Dem Zuschauer erscheint das Pädagogik­idyll zunächst so beklemmend wie dem armen Valentin auch. Mit einem gelungenen Schachzug schaffen Hillebrand und Paulus die Wende: Die kecke Pflegerin Mira (Anna Unterberger) sieht nicht nur entzückend aus, sie trägt auch ein unverschämt kurzes Kleid. Der erotische Funke reißt den depressiven Valentin aus dem Schneckenhaus und wird zum Ausgangspunkt einer Reihe wunderbar skurriler Verwicklungen.

Mit seinen beiden Komplizen Lukas (Nikki Rappl) und Titus (Bastian Wurbs) macht Valentin zunächst die Fußgängerzone unsicher: Die Rollstuhl-Rowdys fahren Passanten absichtlich in die Hacken und genießen den Moment, in dem wohlerzogene Bürger ihren Wutaffekt über die unverschämte Attacke unterdrücken. Spielerisch entkommen sie so ihrer vorherbestimmten Rolle, Objekt der Pflege zu sein. Dabei gelingt den beiden Regisseuren eine Gratwanderung, denn als kleine Arsch­löcher auf Rädern werden Valentin und seine Freunde auch zu handelnden Subjekten.

Diesen Ausbruch treibt der Film lustvoll auf die Spitze, allerdings nicht im Sinne einer pädagogisch seriösen Empfehlung. Valentin bereitet mit seiner »Gang« den Überfall auf eine Tankstelle vor. Er will Miras langweiligem Freund, der hier jobbt, einen Denkzettel verpassen. Das ist kindisch, lächerlich – aber sympathisch.

Der Plot entwickelt sich zu einem paralympischen Krimi mit politisch nicht immer korrekten Glanzlichtern. Klauen die drei Rollis ein wertvolles Kruzifix, um mit dem Erlös eine Waffe zu kaufen, dann erscheint diese Szene wie eine andere Art von Prozession.
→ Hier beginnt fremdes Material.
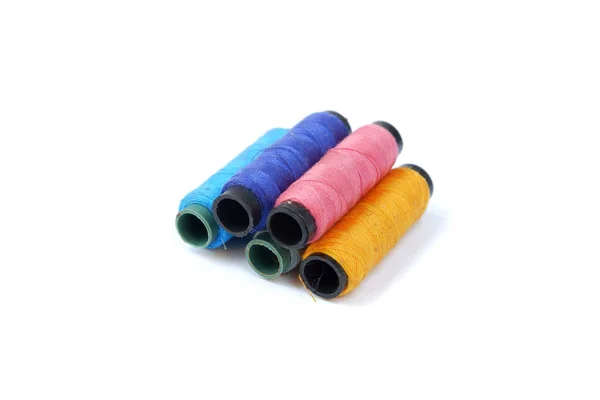 Some Colorful Sewing Threads White Background — Stock Photo, Image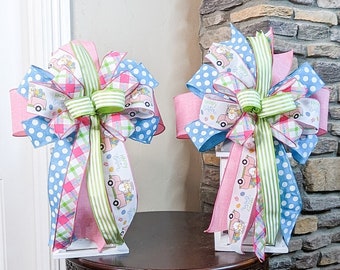 Easter Wreath Bow | Easter Bow (set of 2) | Easter Lantern Bow Set |  Spring Bow Set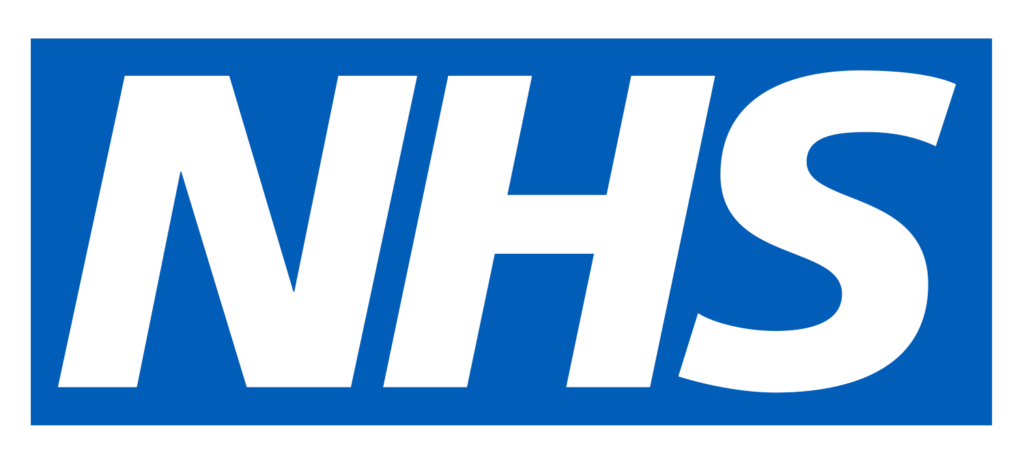 NHS logo featuring bold white letters on a blue rectangular background.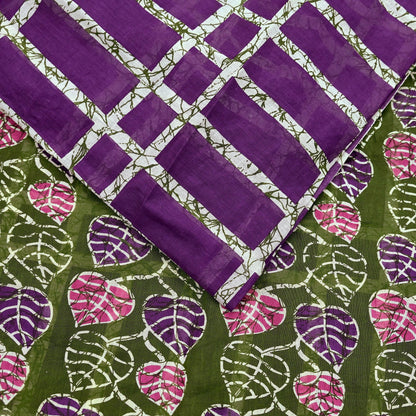 Indian Vintage Sari Purple & Green Batik Printed Saree 100% Pure Cotton 5Yd Craft Fabric Soft Sewing Sarong Wrap Boho Quilting Dress Making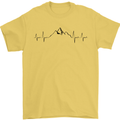 Mountain ECG Hiking Trekking Climbing Pulse Mens T-Shirt 100% Cotton Yellow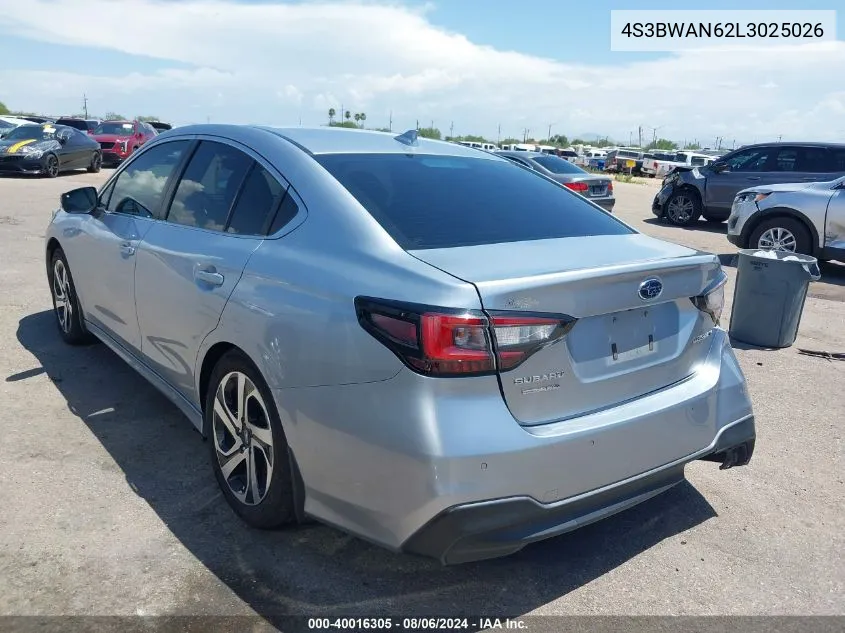 2020 Subaru Legacy Limited VIN: 4S3BWAN62L3025026 Lot: 40016305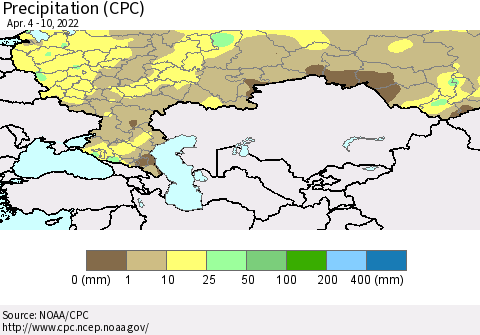 Russian Federation Precipitation (CPC) Thematic Map For 4/4/2022 - 4/10/2022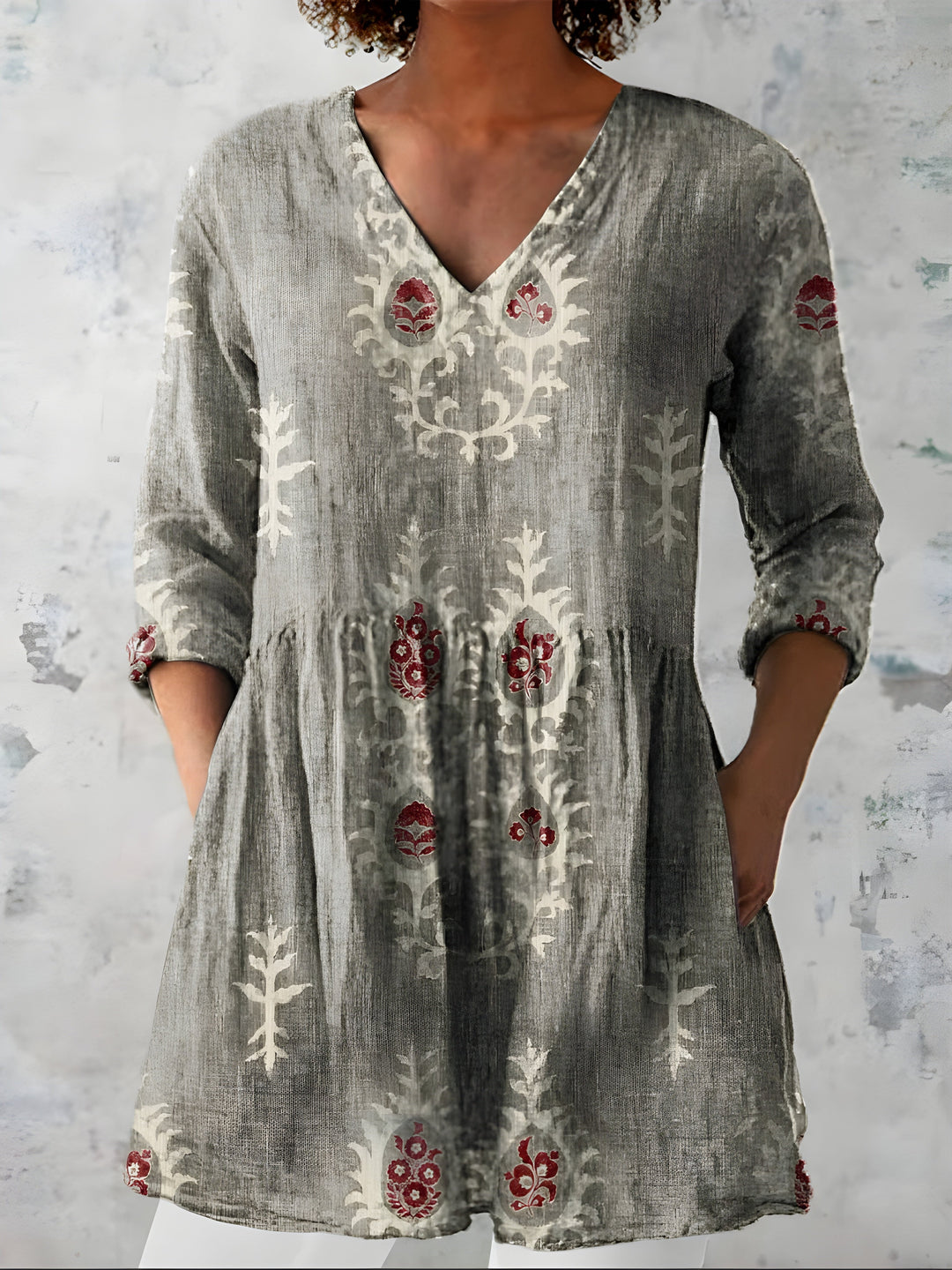 Everly | Duga bluza s V izrezom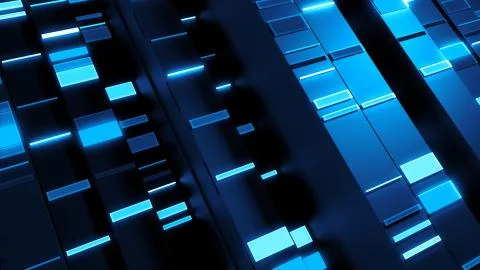 3d render abstract background. Vertical reflective blocks with small rectangu Stock Illustration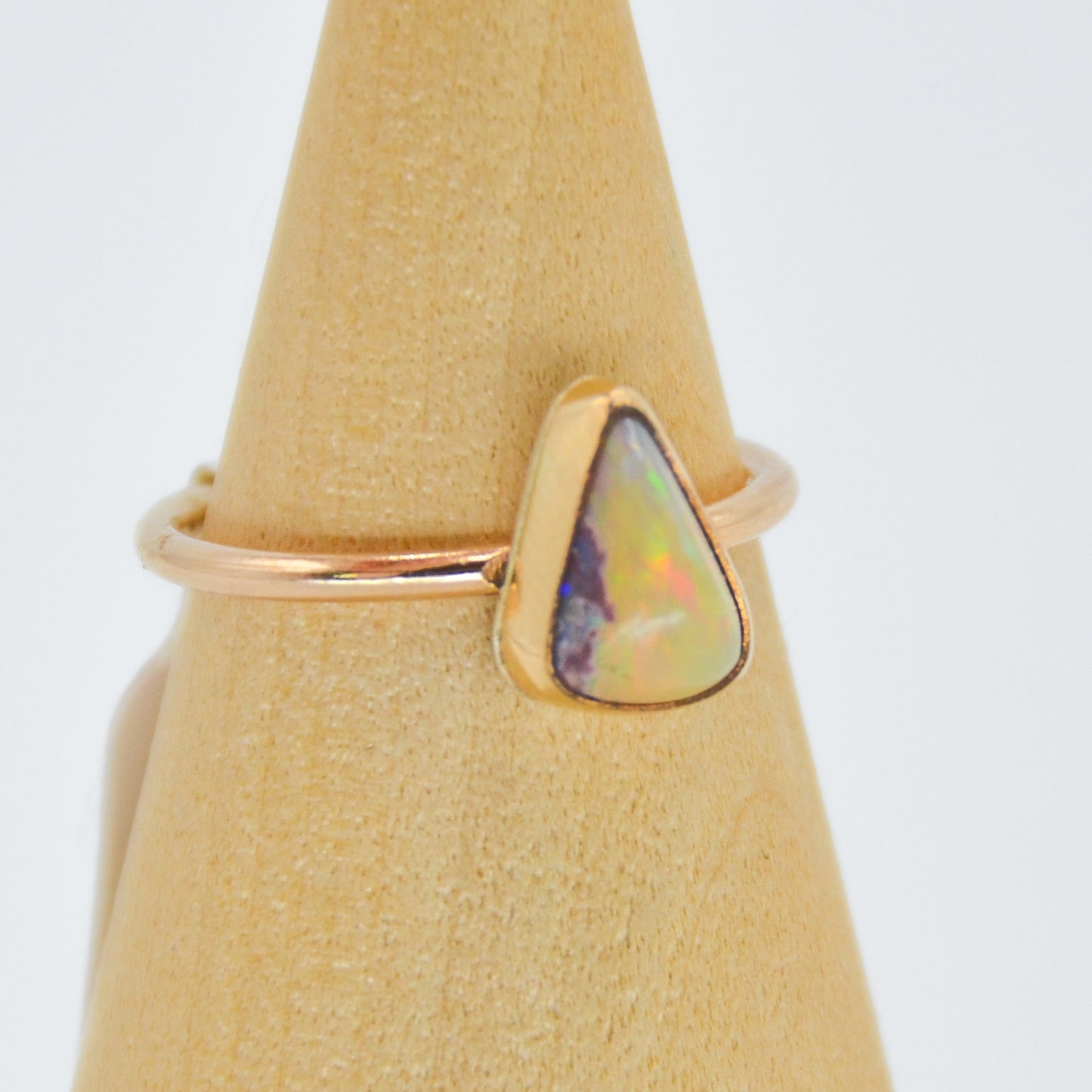 Gold Fill Mexican Fire Opal Size 7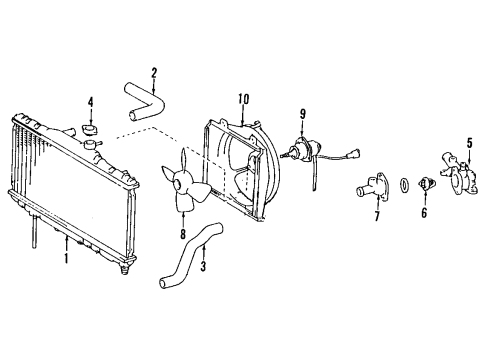 1998 Chevrolet Prizm Cooling System, Radiator, Water Pump, Cooling Fan Shroud, Radiator Fan Diagram for 94856885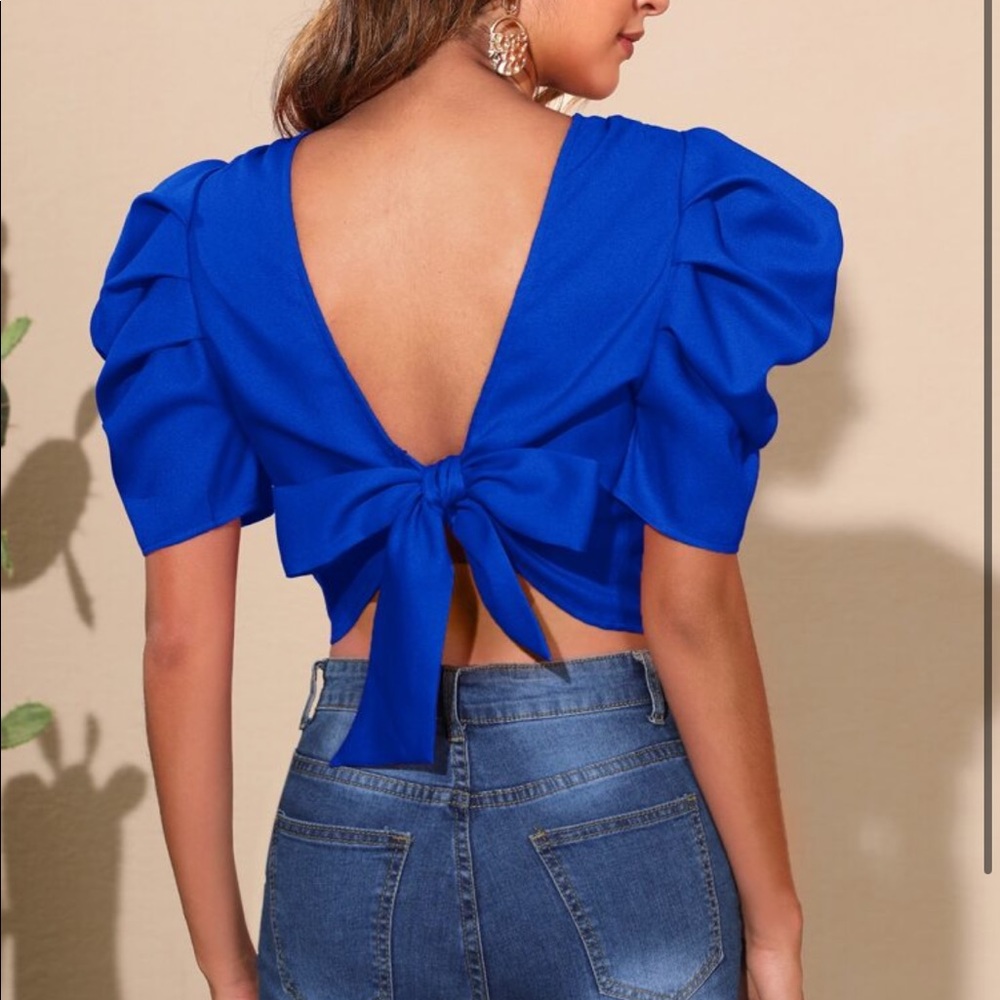 Open Back Tie Puff Sleeve Ruched Classic Top Blouse - Picture 6 of 16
Integration ist nie schmerzfrei und führt nicht zu einem harmonischen Miteinander von Behinderten und Normalen: Diese Botschaft packen Hillebrand und Paulus in einen erfrischend schrägen Film über Behinderte, in dem auch Hamlets »Sein oder Nichtsein« aus einer neuen Perspektive beleuchtet wird.